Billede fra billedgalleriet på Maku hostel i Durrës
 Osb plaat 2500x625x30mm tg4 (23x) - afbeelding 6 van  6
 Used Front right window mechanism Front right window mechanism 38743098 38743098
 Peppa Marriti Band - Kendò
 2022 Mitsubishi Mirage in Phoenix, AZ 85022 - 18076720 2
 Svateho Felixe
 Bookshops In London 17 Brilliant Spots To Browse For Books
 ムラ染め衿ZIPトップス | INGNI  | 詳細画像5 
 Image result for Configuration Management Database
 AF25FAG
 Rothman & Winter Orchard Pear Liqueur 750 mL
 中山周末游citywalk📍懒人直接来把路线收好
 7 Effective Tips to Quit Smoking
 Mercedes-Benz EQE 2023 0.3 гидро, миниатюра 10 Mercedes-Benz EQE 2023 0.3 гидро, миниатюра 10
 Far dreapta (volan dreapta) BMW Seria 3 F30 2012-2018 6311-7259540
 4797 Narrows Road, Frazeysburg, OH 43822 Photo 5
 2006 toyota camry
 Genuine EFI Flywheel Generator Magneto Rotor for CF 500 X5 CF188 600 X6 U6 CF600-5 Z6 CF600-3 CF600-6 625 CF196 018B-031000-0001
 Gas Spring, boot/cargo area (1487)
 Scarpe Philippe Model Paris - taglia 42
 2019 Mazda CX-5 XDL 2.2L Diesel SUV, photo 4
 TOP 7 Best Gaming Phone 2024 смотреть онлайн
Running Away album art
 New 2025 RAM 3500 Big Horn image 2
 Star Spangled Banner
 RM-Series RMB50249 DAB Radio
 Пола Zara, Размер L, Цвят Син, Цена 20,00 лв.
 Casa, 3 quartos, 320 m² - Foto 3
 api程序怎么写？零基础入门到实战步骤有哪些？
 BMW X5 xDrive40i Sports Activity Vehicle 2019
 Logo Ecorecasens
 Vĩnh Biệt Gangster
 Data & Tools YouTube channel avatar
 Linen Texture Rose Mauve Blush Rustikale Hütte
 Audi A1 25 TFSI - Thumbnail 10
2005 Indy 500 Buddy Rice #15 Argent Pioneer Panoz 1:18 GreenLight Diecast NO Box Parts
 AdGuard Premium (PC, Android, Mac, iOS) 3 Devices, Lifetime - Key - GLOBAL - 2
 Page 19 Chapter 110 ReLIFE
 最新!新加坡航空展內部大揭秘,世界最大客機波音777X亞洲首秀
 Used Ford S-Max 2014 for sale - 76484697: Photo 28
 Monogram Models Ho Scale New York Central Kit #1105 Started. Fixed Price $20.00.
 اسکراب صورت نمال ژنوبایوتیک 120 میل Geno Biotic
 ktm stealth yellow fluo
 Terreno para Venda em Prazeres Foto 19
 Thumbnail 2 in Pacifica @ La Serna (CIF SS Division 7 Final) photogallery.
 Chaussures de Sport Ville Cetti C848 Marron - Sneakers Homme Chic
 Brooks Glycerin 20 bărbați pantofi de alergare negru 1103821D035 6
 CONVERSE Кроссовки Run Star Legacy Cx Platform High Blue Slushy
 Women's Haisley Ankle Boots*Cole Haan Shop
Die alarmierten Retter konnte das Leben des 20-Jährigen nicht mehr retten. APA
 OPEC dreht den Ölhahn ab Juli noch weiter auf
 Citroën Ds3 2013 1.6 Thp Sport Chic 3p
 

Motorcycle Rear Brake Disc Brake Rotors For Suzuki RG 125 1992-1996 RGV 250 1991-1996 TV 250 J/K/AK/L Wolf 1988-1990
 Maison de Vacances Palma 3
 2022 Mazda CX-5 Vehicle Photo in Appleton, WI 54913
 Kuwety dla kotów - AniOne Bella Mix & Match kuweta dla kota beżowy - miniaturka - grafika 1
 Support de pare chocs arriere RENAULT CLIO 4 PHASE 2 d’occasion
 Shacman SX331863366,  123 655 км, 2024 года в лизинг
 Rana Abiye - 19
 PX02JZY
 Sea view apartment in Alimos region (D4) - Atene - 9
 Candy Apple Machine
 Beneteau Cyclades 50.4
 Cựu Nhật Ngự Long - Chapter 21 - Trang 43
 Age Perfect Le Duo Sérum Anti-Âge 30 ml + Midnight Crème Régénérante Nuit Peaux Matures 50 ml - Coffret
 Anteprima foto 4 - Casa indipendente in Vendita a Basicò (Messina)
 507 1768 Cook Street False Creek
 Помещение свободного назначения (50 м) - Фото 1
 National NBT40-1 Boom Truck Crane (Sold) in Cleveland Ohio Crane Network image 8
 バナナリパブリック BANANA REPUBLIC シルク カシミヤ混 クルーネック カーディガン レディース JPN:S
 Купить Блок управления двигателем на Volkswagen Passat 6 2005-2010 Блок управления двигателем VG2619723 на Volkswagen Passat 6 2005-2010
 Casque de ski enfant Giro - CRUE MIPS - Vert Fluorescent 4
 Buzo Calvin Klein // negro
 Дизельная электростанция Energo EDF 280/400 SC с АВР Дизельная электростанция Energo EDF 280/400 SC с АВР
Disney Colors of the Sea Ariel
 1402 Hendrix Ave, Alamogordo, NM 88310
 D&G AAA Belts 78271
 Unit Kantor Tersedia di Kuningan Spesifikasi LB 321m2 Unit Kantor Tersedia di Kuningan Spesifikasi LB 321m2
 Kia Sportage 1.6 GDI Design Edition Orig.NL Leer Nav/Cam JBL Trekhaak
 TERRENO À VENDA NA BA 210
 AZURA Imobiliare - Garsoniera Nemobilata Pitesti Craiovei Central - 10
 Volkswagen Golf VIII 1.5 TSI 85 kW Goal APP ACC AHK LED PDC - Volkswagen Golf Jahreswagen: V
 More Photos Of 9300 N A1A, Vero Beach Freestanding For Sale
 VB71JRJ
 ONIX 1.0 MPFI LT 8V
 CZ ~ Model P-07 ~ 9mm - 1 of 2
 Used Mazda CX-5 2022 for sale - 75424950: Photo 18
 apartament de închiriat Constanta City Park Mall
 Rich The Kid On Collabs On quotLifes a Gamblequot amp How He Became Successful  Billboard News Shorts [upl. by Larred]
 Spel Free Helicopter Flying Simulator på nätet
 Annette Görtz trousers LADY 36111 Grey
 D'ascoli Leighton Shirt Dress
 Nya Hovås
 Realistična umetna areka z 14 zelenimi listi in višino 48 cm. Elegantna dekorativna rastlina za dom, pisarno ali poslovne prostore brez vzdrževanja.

Work item: Where the listing above has a line with "Bookshops In London", start there, and output every line exactly through the line with "Mercedes-Benz EQE 2023 0.3 гидро, миниатюра 10 Mercedes-Benz", which is also included.

Task output:
 Bookshops In London 17 Brilliant Spots To Browse For Books
 ムラ染め衿ZIPトップス | INGNI  | 詳細画像5 
 Image result for Configuration Management Database
 AF25FAG
 Rothman & Winter Orchard Pear Liqueur 750 mL
 中山周末游citywalk📍懒人直接来把路线收好
 7 Effective Tips to Quit Smoking
 Mercedes-Benz EQE 2023 0.3 гидро, миниатюра 10 Mercedes-Benz EQE 2023 0.3 гидро, миниатюра 10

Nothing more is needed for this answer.